Tony Blair, the former prime minister, is about to add Zurich Financial Services to his lucrative list of consultancies, according to rumours in Davos.
Since retiring as prime minister, Mr Blair has been signed up to advise JP Morgan Chase for a minimum of $5m (£2.52m) a year. Some bankers say the advisory role is worth a good deal more. He has also picked up an estimated £5m writing contract for his political memoirs.
Zurich Financial Services, which declined to comment on Mr Blair, is one of the biggest insurance companies in the world, with widespread interests in Britain, including Allied Dunbar. The Swiss company's chief executive, James Schiro, was in Davos last week.
Mr Blair has been a high-profile presence over the past week in Davos, where he has been co-chairing the World Economic Forum annual meeting alongside Jamie Dimon, chairman of JP Morgan Chase. Other co-chairs included KU Kamath, chief executive of ICICI Bank, India's largest commercial bank, and Wang Jianzhou, chief executive of China Mobile.
Concluding a meeting, whose theme was "The Power of Collaborative Innovation", Mr Blair said: "Globalisation is forcing change in how people collaborate in a fundamental way. If we are integrated, and the world is integrated, the only way for the world to work is to have a set of common values.
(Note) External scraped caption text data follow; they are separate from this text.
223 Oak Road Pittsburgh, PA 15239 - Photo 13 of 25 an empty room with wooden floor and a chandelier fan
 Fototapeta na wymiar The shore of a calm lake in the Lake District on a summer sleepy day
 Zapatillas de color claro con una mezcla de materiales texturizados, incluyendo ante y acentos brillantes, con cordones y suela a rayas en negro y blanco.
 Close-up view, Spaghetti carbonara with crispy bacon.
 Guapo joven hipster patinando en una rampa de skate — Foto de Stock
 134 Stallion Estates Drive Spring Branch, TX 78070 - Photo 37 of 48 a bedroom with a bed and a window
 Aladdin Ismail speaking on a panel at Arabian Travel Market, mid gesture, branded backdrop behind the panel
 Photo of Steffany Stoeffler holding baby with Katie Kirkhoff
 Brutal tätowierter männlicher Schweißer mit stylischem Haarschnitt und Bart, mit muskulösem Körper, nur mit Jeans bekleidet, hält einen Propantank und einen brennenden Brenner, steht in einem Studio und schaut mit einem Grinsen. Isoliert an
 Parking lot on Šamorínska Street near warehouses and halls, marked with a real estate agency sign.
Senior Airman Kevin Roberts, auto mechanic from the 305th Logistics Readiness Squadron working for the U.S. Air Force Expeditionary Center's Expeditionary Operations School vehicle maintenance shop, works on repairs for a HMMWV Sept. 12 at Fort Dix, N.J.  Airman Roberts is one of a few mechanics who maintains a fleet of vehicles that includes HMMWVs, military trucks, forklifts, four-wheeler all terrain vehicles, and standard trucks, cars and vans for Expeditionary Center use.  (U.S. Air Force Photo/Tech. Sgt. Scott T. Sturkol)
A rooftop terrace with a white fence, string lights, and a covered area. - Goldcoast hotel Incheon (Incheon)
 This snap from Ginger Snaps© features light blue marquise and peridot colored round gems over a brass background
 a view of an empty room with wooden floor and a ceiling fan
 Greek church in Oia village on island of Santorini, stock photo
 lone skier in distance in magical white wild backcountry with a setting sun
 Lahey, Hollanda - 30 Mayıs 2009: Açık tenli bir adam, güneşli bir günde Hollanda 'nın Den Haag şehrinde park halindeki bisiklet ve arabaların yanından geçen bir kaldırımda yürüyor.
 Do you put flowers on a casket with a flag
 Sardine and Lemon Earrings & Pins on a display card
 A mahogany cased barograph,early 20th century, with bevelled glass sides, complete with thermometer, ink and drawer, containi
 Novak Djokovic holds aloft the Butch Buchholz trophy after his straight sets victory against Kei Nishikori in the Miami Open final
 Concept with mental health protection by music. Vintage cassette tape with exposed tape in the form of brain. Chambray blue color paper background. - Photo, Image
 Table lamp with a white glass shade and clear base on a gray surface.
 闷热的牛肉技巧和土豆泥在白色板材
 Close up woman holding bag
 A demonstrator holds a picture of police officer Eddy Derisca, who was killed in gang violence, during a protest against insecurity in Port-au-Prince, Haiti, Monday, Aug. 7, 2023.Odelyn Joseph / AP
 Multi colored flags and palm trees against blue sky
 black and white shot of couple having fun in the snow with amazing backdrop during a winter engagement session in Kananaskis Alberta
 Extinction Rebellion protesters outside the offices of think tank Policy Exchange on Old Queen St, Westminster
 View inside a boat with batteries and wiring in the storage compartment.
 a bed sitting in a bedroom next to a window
We have no option but to work together."
Mr Blair's predecessor as prime minister, Sir John Major, accepted lucrative private sector work after leaving office, working for Carlyle Group, the US private equity giant.
The appointment of former heads of government to such positions is controversial because they are hired for the contacts they made while in political office and the access and influence they might still command.